5.3. Relationship between Pore Volume and Shale Oil

The adsorption effect of pore size on shale oil is mainly reflected in the physical properties, including shale pore volume and average pore diameter [67]. Because the pore size distribution of shale is wide, the average pore diameter is not representative in characterizing pore size, so the pore volume is used to analyze the influence of physical properties on shale oil adsorption. The correlation diagram of pore volume with free oil, adsorbed oil, and the proportion of adsorbed oil shows that, with the increase in pore volume, the adsorbed oil and free oil content increases, but the proportion of adsorbed oil decreases. On the other hand, the proportion of free oil increases with the increase in pore volume, and the movable proportion of the shale oil is higher (Figure 15a–c).
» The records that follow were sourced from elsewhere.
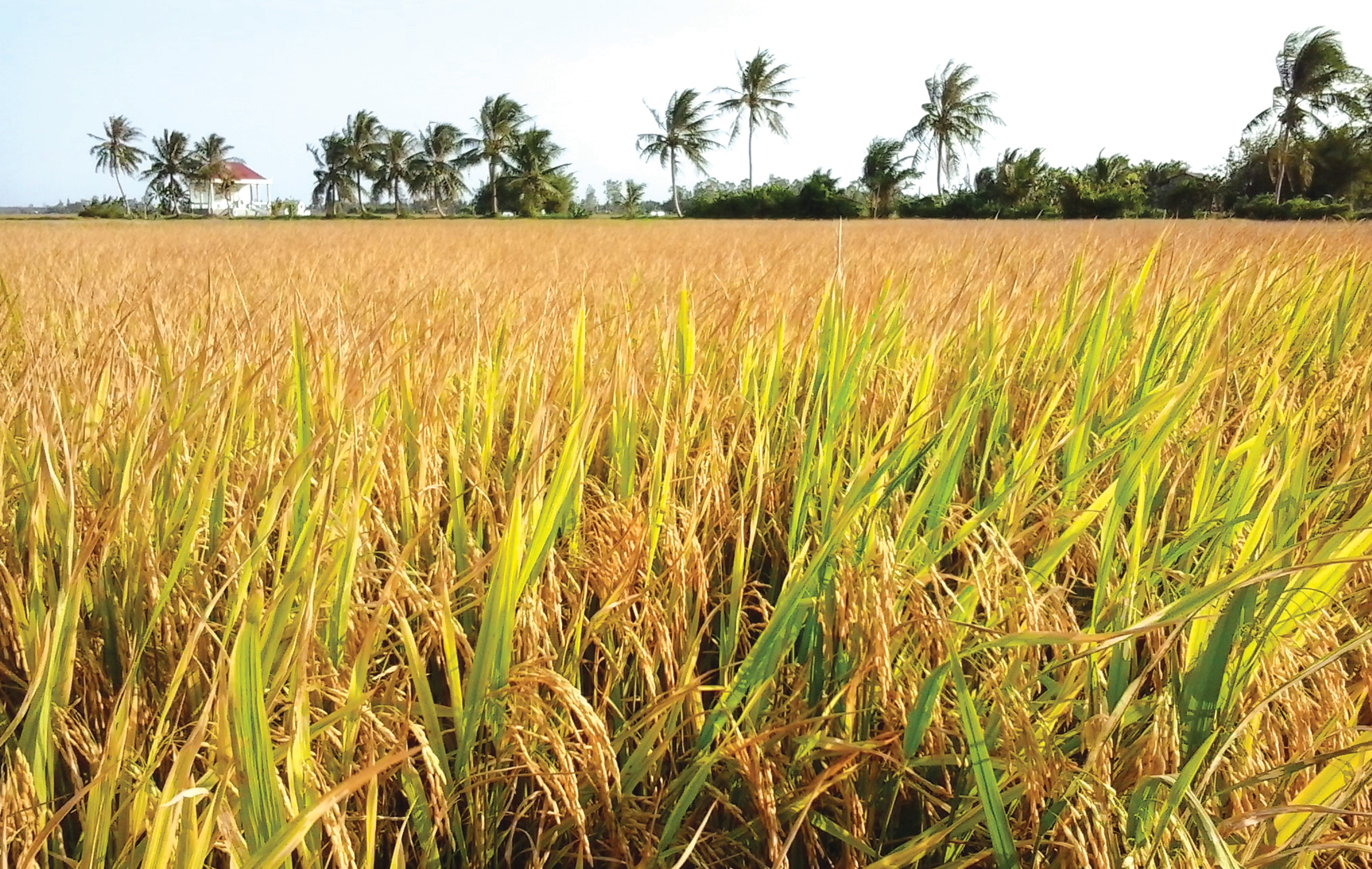 Nông sản Việt với cơ hội lớn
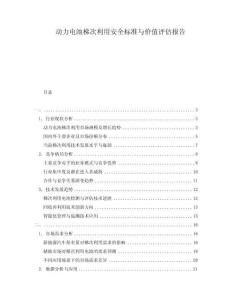 動力電池梯次利用安全標準與價值評估報告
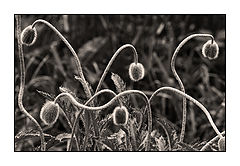photo "***"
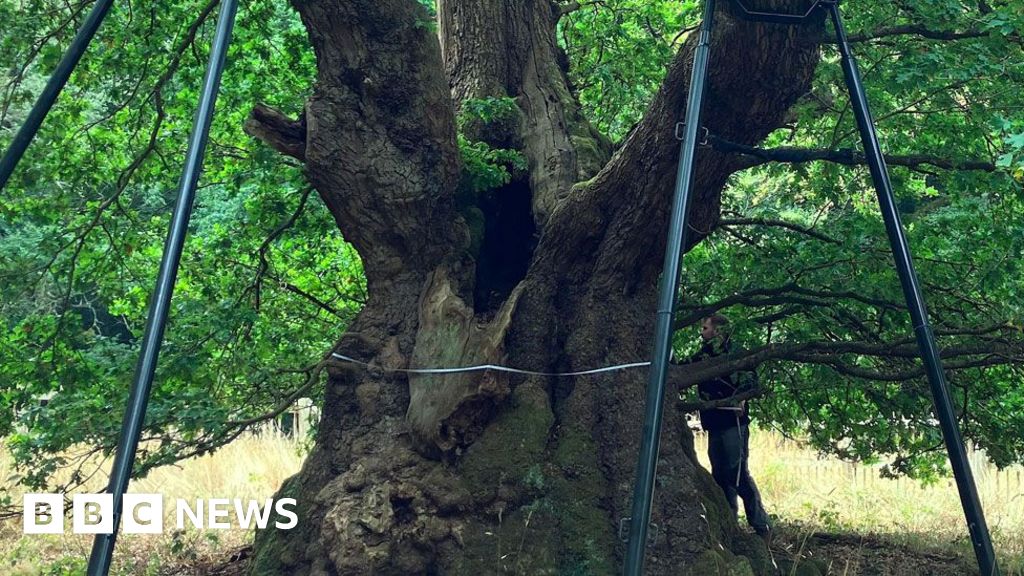 The Druids Oak is 800 years old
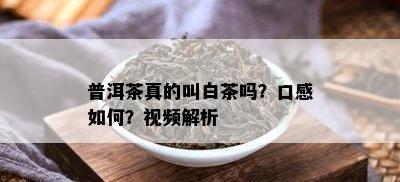 普洱茶真的叫白茶吗？口感如何？视频解析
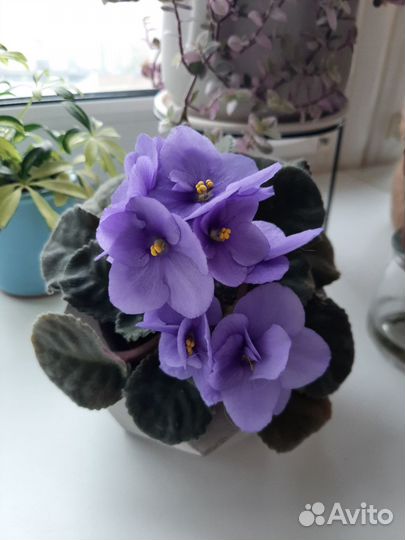 Сингониумы сортовые, каллизия, фиалки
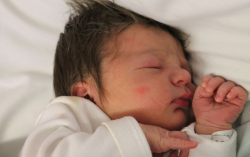 Horváth Milán Zalán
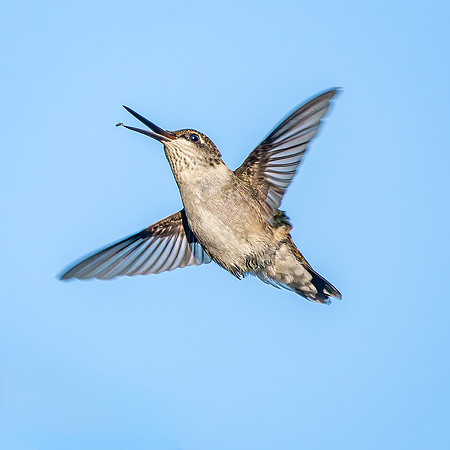 Ruby-throated Hummingbird
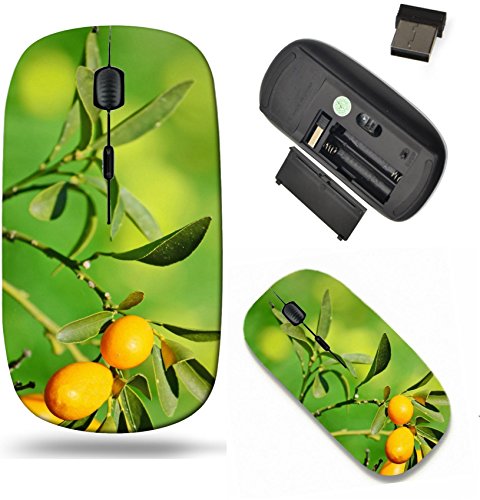 Liili Wireless Mouse Travel 2.4G Wireless Mice with USB Receiver, Click with 1000 DPI for notebook, pc, laptop, computer, mac book IMAGE ID 32961274 closeup of a kumquat in a green and yellow field on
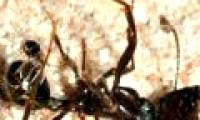Tiny spider launching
Previous studies have demonstrated that the pore volume, macropore proportion, and microfractures of laminated felsic shales and laminated mixed shales are more developed than in other lithofacies of the Ek2 shales in the Cangdong Sag, with large pore throats and strong connectivity, which guarantees a reservoir space for the occurrence and enrichment of shale oil [19,20]. Therefore, these two lithofacies have obvious advantages in reservoir physical properties, pore structure, and pore connectivity and have better occurrence ability for shale oil. The plot shows that the correlation between adsorbed oil content and pore specific surface area is not obvious (Figure 15d). The reasons for this are that the adsorbed oil content obtained from MIS pyrolysis not only is adsorbed on the pore surface, but also occurs in kerogen in a dissolved state, and that the pores of lacustrine shale show the characteristics of mixed wetting, and hydrocarbon adsorption does not occur on the surface of some water-wet pores, which makes the correlation between specific surface area and adsorbed oil content not obvious. In addition, although some samples have a large specific surface area, a low TOC content shows that the specific surface area of shale is mainly controlled by inorganic minerals, and the pore surface of inorganic minerals is not necessarily adsorbed by shale oil, so the adsorbed oil content is still low.
There were few studies on the effect of temperature and pressure on the adsorption performance of shale oil, Wang et al. (2022) analyzed the effect of different temperature and pressure conditions on the adsorbed oil content using molecular simulation models [67]. The results show that, with the increase in temperature, the movement of alkane molecules is more violent, and it is easier to separate and desorb from the surface of organic matter, so the adsorption amount decreases. The thermal desorption treatment of the physical adsorption effect (dominated by van der Waals force) is based on this principle. In addition, as the temperature increases, the viscosity of oil will be significantly reduced, fluidity will be enhanced, and the adsorbed oil content will also be reduced. Molecular simulation technology results show that pressure has little effect on shale oil adsorption, but pressure as a driving force can significantly promote the mobility or recoverability of shale oil [67]. The increase in pressure under geological conditions can increase the dissolved gas content of shale oil, which has a significant effect on the adsorption of shale oil [4]. With the increase in gas content, the ratio of gas to oil in shale oil increases, and the viscosity and crude oil density decrease continuously, which can significantly improve the flow performance. Molecular dynamics simulation also confirmed that, with the increase in small molecular hydrocarbon content, the adsorption content gradually decreased, and the fluidity increased [68]. Therefore, pressure or overpressure has been considered a factor affecting shale oil mobility in some studies [4,69].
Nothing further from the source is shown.